A production MongoDB should be deployed in a replica set of no less than three (3) replicas. One (1) Mongo node is the primary (accepting writes from the application) and the writes are replicated to the other two (2) Mongo nodes which serve as secondaries. If the primary fails, one of the secondaries is elected to take its place as the primary, while continuing to replicate data to the other secondary for redundancy.
As long as no more than one (1) out of three (3) nodes fails at any given time, consensus is maintained. When the failed primary is ready to rejoin the replica set, the data is copied to it from the other two (2) nodes.
Many Docker Compose files for various applications rely on one Mongo container, which may be adequate for testing, but does not provide any redundancy or fault tolerance. Fortunately, it is easy to establish a Mongo replica set by spinning up a temporary Docker container that runs a shell script to join the other Mongo containers into a cluster.
This is the setup we use to deploy RocketChat using Docker, one of the applications that we support for our customers. Here is an excerpt from the docker-compose.yml file. It creates three (3) Mongo containers named mongo1, mongo2, mongo3 respectively and adds them to a replica set, rs0.
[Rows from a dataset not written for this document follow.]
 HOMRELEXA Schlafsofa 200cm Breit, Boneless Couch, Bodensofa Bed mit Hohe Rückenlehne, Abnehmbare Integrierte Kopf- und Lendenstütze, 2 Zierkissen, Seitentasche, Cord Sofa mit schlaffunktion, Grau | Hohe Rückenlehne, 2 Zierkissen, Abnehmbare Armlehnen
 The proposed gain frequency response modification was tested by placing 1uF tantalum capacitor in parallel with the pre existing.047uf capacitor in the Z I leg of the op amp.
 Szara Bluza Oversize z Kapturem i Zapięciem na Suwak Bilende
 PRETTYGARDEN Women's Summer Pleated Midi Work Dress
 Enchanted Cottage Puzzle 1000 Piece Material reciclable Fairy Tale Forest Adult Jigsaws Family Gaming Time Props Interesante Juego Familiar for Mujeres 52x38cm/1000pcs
version: "3" services: mongo1: hostname: mongo1 container_name: mongo1 image: mongo:3.6-jessie expose: - 27017 restart: always volumes: - mongo1:/data/db entrypoint: [ "/usr/bin/mongod", "--bind_ip_all", "--replSet", "rs0" ] mongo2: hostname: mongo2 container_name: mongo2 image: mongo:3.6-jessie expose: - 27017 restart: always volumes: - mongo2:/data/db entrypoint: [ "/usr/bin/mongod", "--bind_ip_all", "--replSet", "rs0" ] mongo3: hostname: mongo3 container_name: mongo3 image: mongo:3.6-jessie expose: - 27017 restart: always volumes: - mongo3:/data/db entrypoint: [ "/usr/bin/mongod", "--bind_ip_all", "--replSet", "rs0" ] mongosetup: image: mongo:3.6-jessie links: - mongo1:mongo1 - mongo2:mongo2 - mongo3:mongo3 depends_on: - mongo1 - mongo2 - mongo3 volumes: - .:/scripts restart: "no" entrypoint: [ "bash", "/scripts/mongo_setup.sh" ] volumes: mongo1: mongo2: mongo3:
This script, mongo_setup.sh should be located in the same directory as the docker-compose.yml file so that it can be bind mounted into the /scripts/ directory of the mongosetup container.
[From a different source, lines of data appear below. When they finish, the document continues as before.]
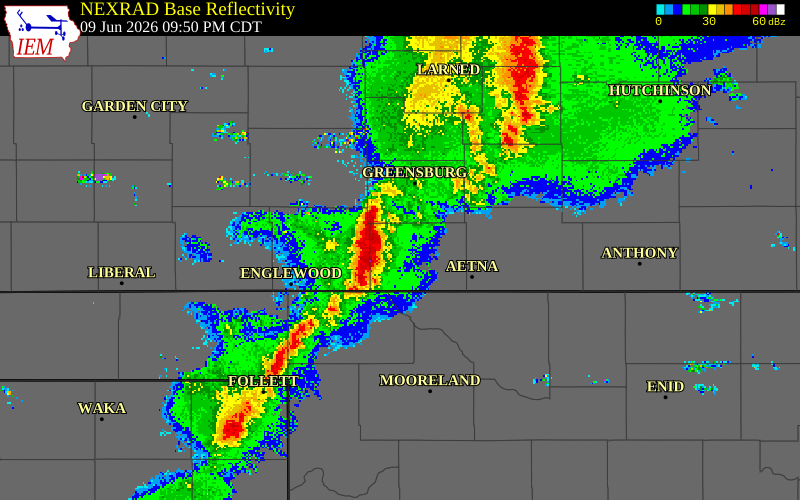 NEXRAD radar during the Tuesday, June 9, 2026 storm activity in Kiowa County, Kansas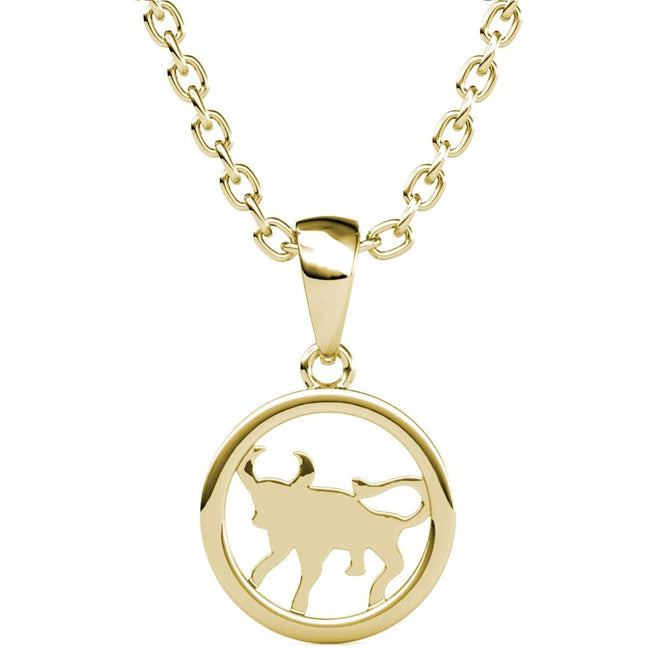 Collier Zodiaque Taureau - Laiton plaqué or 18 k & cristal blanc
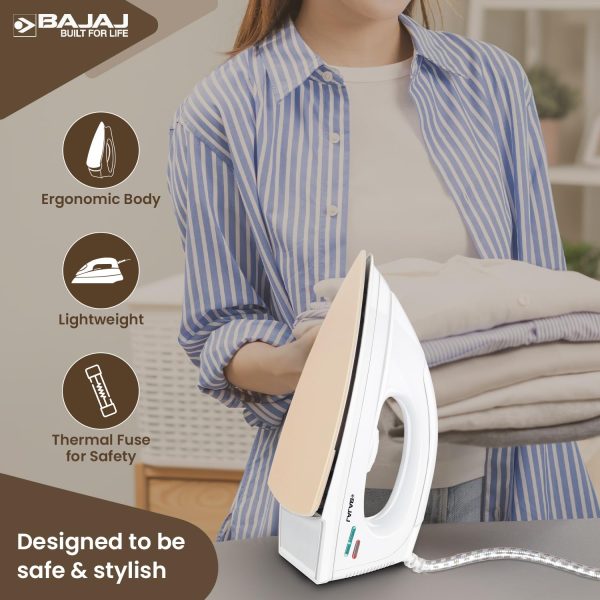 Bajaj DX7, 1000 Watts Dry Iron with Advance Soleplate and 360 Degree Swivel Cord, White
The mongosetup container waits for the other Mongo containers to be up-and-running because depends_on: is specified for the service. It continues to retry until all of the other containers have been added to the replica set. Because mongo1 is given a
"priority": 2 while mongo2 and mongo3 have
"priority": 0, it becomes the primary in the replica set.
Adapting the Compose file for Multi-Node Deployment with Docker Swarm
Thanks to Docker’s virtual networking, the Mongo containers can automatically communicate with each other via the overlay network using their hostnames – without any further configuration. This example assumes that all three of the Mongo nodes are running on a single host, but the Compose file above can be easily adapted using deployment constraints and labels to deploy them to separate hosts in Docker Swarm.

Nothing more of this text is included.